I’m somewhat proud of these moments, and they have generated a small amount of traffic for me, but I know that 4/5 of the regulars here are my friends, and that I only have 4 regulars. Still, somehow I manage to get over 100 hits a day not including my course pages (although a majority of them are vanity hits by Brandon). That’s not particularly impressive, but its something I appreciate very much. I am especially delighted everytime I get an email from someone I don’t know suggesting a link or article that they’d like me to respond to. It shows that someone is paying attention.

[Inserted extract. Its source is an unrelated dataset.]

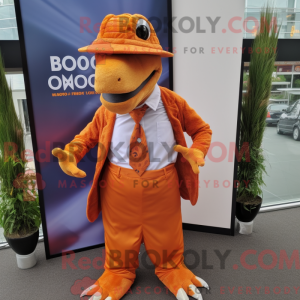 Orange Komodo Dragon mascot...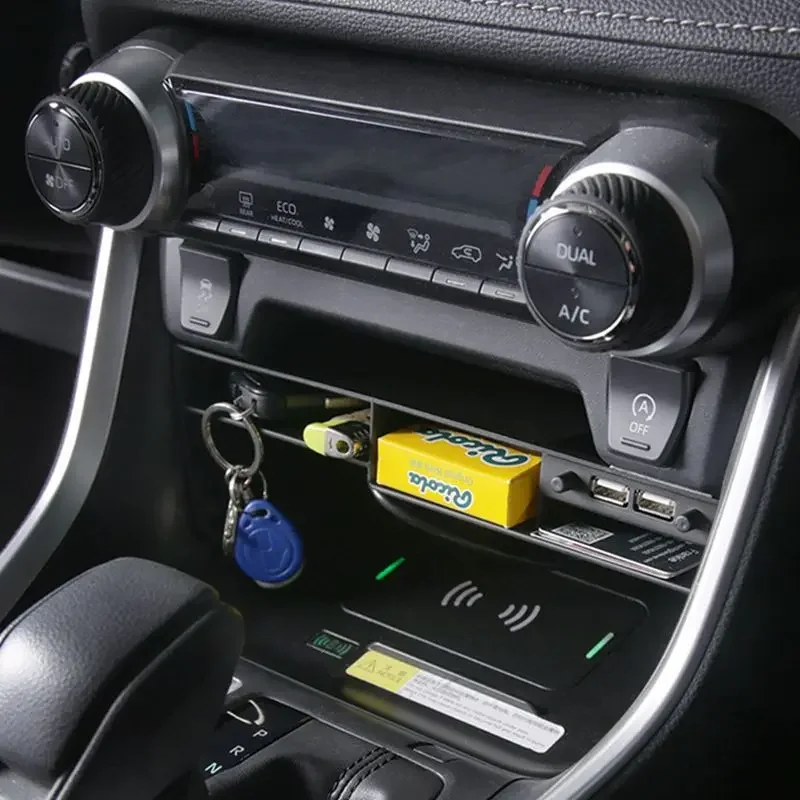 Center Console Organizer for Toyota RAV4 2019 2020 2021 2022 Center Console Storage Box Organizer Tray with USB Port Accessories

In any case, my latest effort to pirate contribute to the Internet has wrought some further fame, and though it isn’t directed at me, I do feel rather proud of my work. In particular, the slugs mating video has (deservedly) garnered over 37,000 hits after only 4 days. Even if 7000 of those people are repeat watchers, that’s still over 30,000 people learning from the work I’ve done. The video has also generated some amusing discussion both in the YouTube comments and around the net.
Perhaps I just haven’t become as cynical as I should be to the possibilities of the internet, but 30,000 people. It boggles the mind. That’s three times the size of the town I grew up in. Its like speaking to each one of the students here on campus. Its more people than I’ll probably ever reach professionally, or this blog for that matter. Now, I realize that I didn’t actually make the product that these people watched. In fact, a slightly edited version of the same clip was already on YouTube, as was a homemade film of the same phenomenon. Still, I put legitimate effort into compiling and cutting those clips together and throwing them up on the net, and I feel at least minimally responsible for the resulting product. All things considered, this is just another tiny drop in the oppressively large bucket of the Internet. But its a drop nonetheless.

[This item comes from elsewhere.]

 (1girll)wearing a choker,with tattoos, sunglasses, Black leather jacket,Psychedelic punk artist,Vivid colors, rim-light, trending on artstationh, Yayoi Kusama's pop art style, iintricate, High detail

The whole affair reminds me how powerful the internet actually is. You can hear people trumpeting the possibilities of this technology, and you can read statistics about internet usage until your paranoia is raging and your ego is deflated to the size of a pea, but I’ve never really felt empowered by the internet until now. Its weird for me to say, because I’ve spent so much time here and I’ve thought so much about it, but there you go.
Its funny that I’m reflecting on this as this new Facebook scandal is erupting. Facebook rolled out a legitimately helpful product that was well-designed and well-intentioned, though admittedly garish, and everyone had a heart attack. The new Facebook broadcasts everything you do on ‘feeds’ for everyone to see. The information was always there if someone wanted it, but now its being forced on everyone whether they want it or not. Facebook has heard the complaints, but doesn’t seem to understand them.

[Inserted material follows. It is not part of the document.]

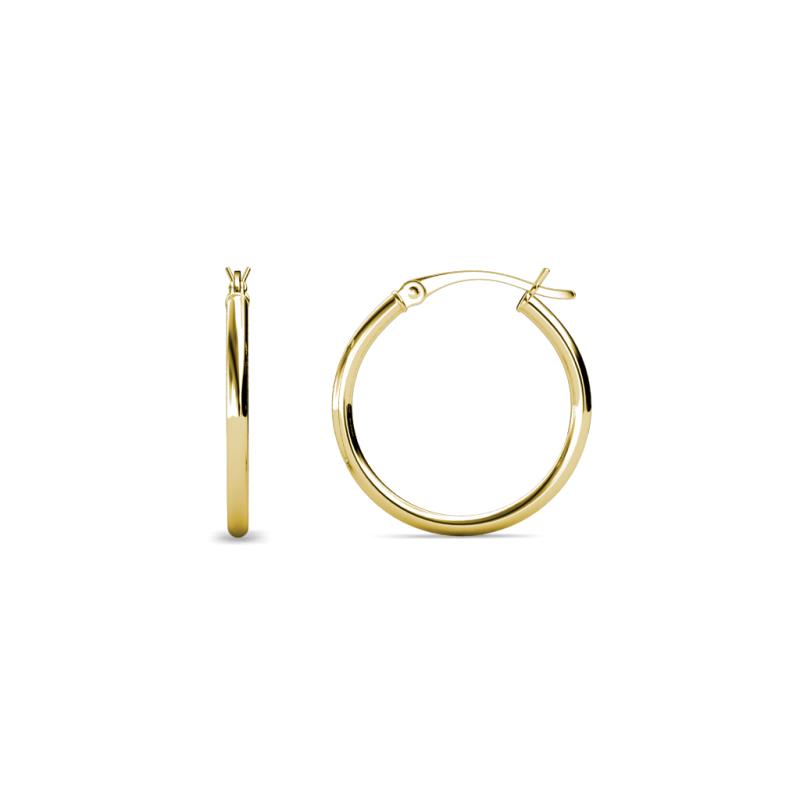 Anna (2x25 mm) Shiny Polished Round Tube Hoop Earrings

Nothing you do is being broadcast; rather, it is being shared with people who care about what you do—your friends.
You want to know about your friends, right? Well, apparently not. More information, even about things we supposedly ‘care about’, is not always a good thing, and Facebook overestimated their user’s demand for more of that information. What happened was that all of the facebook users were suddenly exposed to the raw data that described the actual behavior of everyone they knew, and they were disgusted by what they saw. What they saw was, in fact, the social networking and labor involved in building sites like Facebook. The success of Facebook and other social networking cites rests on exactly this kind of labor, and on individuals spending hours every week updating and tweaking their own node in the web. But not even Facebook itself understood that this wasn’t something the public actually wanted to see.
The internet is a strange, curious thing. It is mostly stable and predictable, but tiny changes can have radical and unforseen consequences. And anyone with a free Labor Day weekend and a bunch of pirated software can affect those changes. Its an amazing thing to be part of.